Depuis quelques mois, les hausses de taux d'intérêt et la normalisation de la taille des bilans des banques centrales commencent à se répercuter très nettement sur l'économie réelle. C'est particulièrement vrai en Europe. Mais ce constat vaut également pour les Etats-Unis où les effets de la politique monétaire sur l’économie réelle se manifestent avec un certain retard, la politique budgétaire américaine ayant a été trop laxiste pendant trop longtemps. Cependant, le fait le plus intéressant à observer cette année concerne les réactions du marché aux nouvelles données. Ces réactions ont été instables, mais néanmoins très prévisibles. On peut donc parler d’une «instabilité prévisible» qui se traduit par une certaine volatilité des taux.
Retard à l’ajustement
Mais revenons quelques mois en arrière, en septembre 2023, lorsque les marchés se sont ont découverts un nouveau mantra: adieu FOMO et TINA, bonjour «plus haut, plus longtemps»! En effet, résistance relative de l'économie américaine au durcissement marqué de la politique monétaire a surpris plus d'un intervenant. C’est du constat de cette dichotomie qu’est venue l’idée largement partagée que l’économie avait gagné en immunité par rapport à l’action des banques centrales. Par conséquent, les taux allaient rester «plus haut, plus longtemps». Un tel raisonnement omet toutefois un fait, à savoir que la politique monétaire se répercute pleinement sur l’économie réelle qu’après un certain temps. Or, le temps c’est précisément ce dont les agents économiques ont besoin pour ajuster leurs décisions et leurs actions.
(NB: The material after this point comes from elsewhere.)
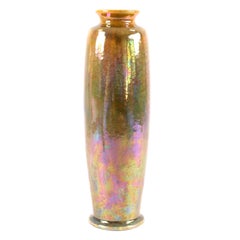 Antique Ruskin Pottery Iridescent Lustre Glazed Slender Vase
Dans un proche avenir, les investisseurs et les économistes devraient réaliser le fait que le scénario central est dorénavant celui d’un atterrissage brutal.
Pour ce qui concerne les Etats-Unis, la demande des consommateurs a continué à être alimentée par l’expansion budgétaire ininterrompue de l’Etat, ce qui a amoindri l’efficacité du durcissement monétaire. En outre, la politique budgétaire ayant porté pour l’essentiel sur les dépenses courantes, elle n’a pas modifié les fondamentaux de l'économie américaine.
A quel mantra se vouer?
Il n’en reste pas moins vrai que les banques centrales peuvent voir très clairement les résultats de leurs politiques restrictives. Aussi la Fed a changé de ton et adopté un discours plus conciliant lors de sa réunion de politique monétaire de décembre dernier. Tout en admettant le fait que l’économie américaine continuait à faire preuve de résilience, la banque centrale a néanmoins centré son attention sur le risque d’un dépassement de l’objectif d’inflation. Pour les investisseurs, il s’agissait d’un signal indiquant que la Fed allait commencer à réduire progressivement les taux directeurs afin de relancer la croissance de l’économie américaine. Comme on pouvait s’y attendre, ce signal a suffi pour déclencher une forte réévaluation des actifs risqués ainsi qu’un rallye sur les emprunts d’Etat. Un tel comportement est typique des périodes précédant les cycles de réduction de taux: ce sont des phases durant lesquelles les actifs risqués sont poussés vers de nouveaux sommets. Les marchés deviennent très instables parce que le sentiment passe rapidement de «plus haut, plus longtemps» à «les taux vont baisser». Cependant, la situation devrait changer ces prochains mois.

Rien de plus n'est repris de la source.